=== What the task requires ===
Your output consists solely of the lines from the one that contains "If we want to" to the end of the material, each reproduced exactly; pictures do not belong in it.

=== Dataset excerpt ===
◆ ◆ ◆ ◆ ◆

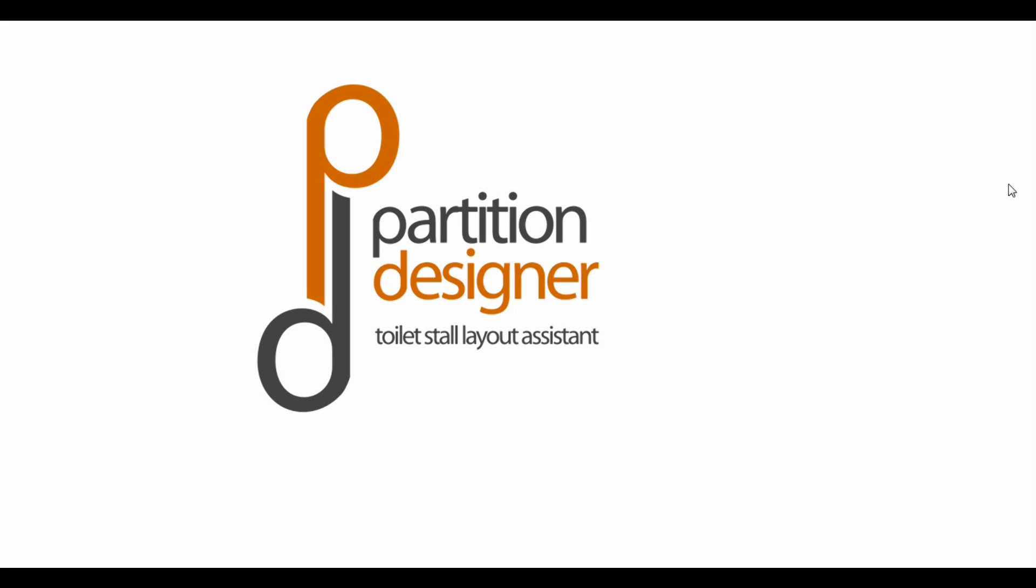Hello and welcome to Partition Designer. We want to go quickly through the various layouts and layout types that we support.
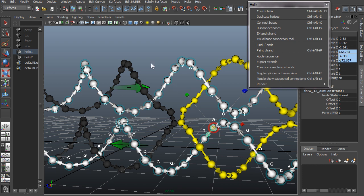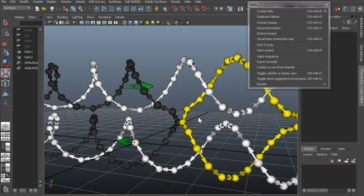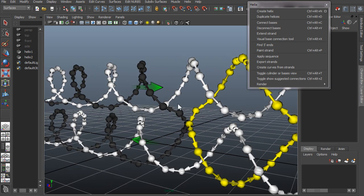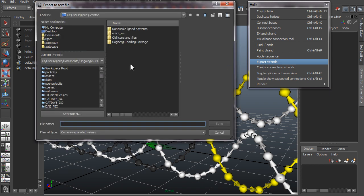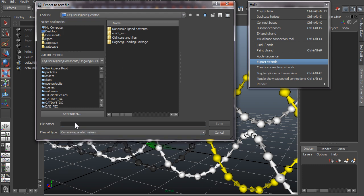If we want to export this into something like an Excel file, you take export strands and then let's save this on the desktop. Let's save it as a comma separated value file, strands.csv.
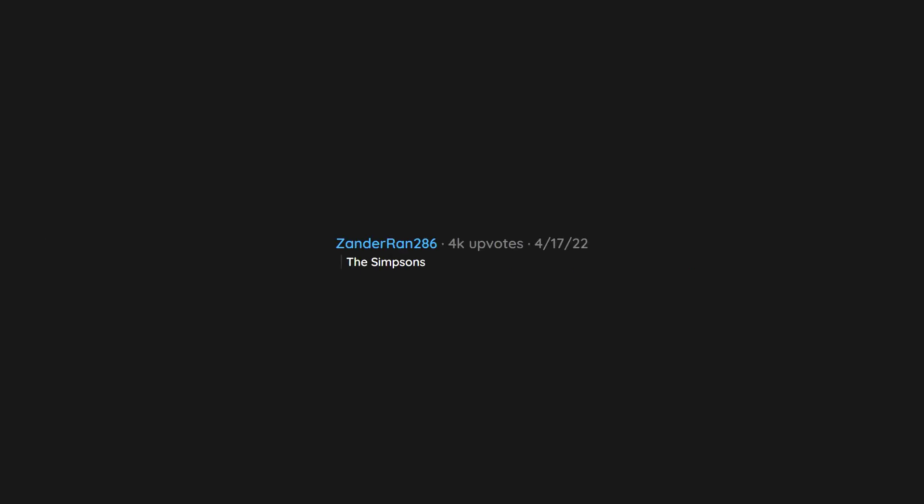Good for her. The Simpsons. The Sims 4. Child marriage.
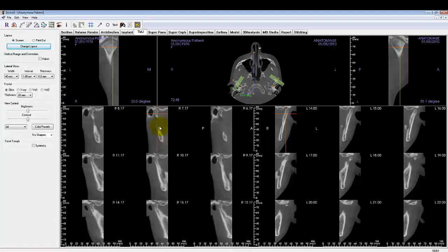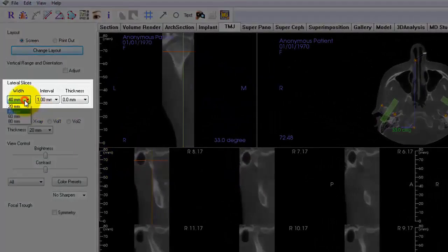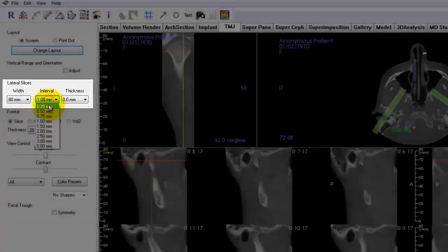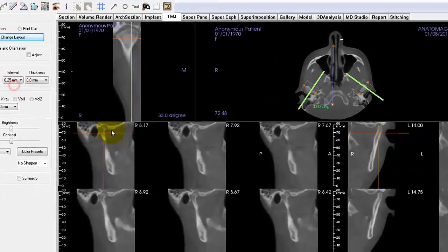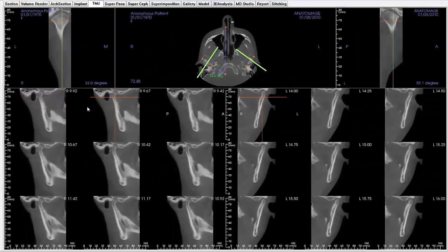Other ways to control slice visualization are through the lateral slice options in the control panel. Slice width changes the captured width of each slice. Interval changes the distance between each slice. And though not shown, thickness averages the slices within the set thickness value to each slice image.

◆ ◆ ◆ ◆ ◆

=== Result ===
If we want to export this into something like an Excel file, you take export strands and then let's save this on the desktop. Let's save it as a comma separated value file, strands.csv.
Good for her. The Simpsons. The Sims 4. Child marriage.
Other ways to control slice visualization are through the lateral slice options in the control panel. Slice width changes the captured width of each slice. Interval changes the distance between each slice. And though not shown, thickness averages the slices within the set thickness value to each slice image.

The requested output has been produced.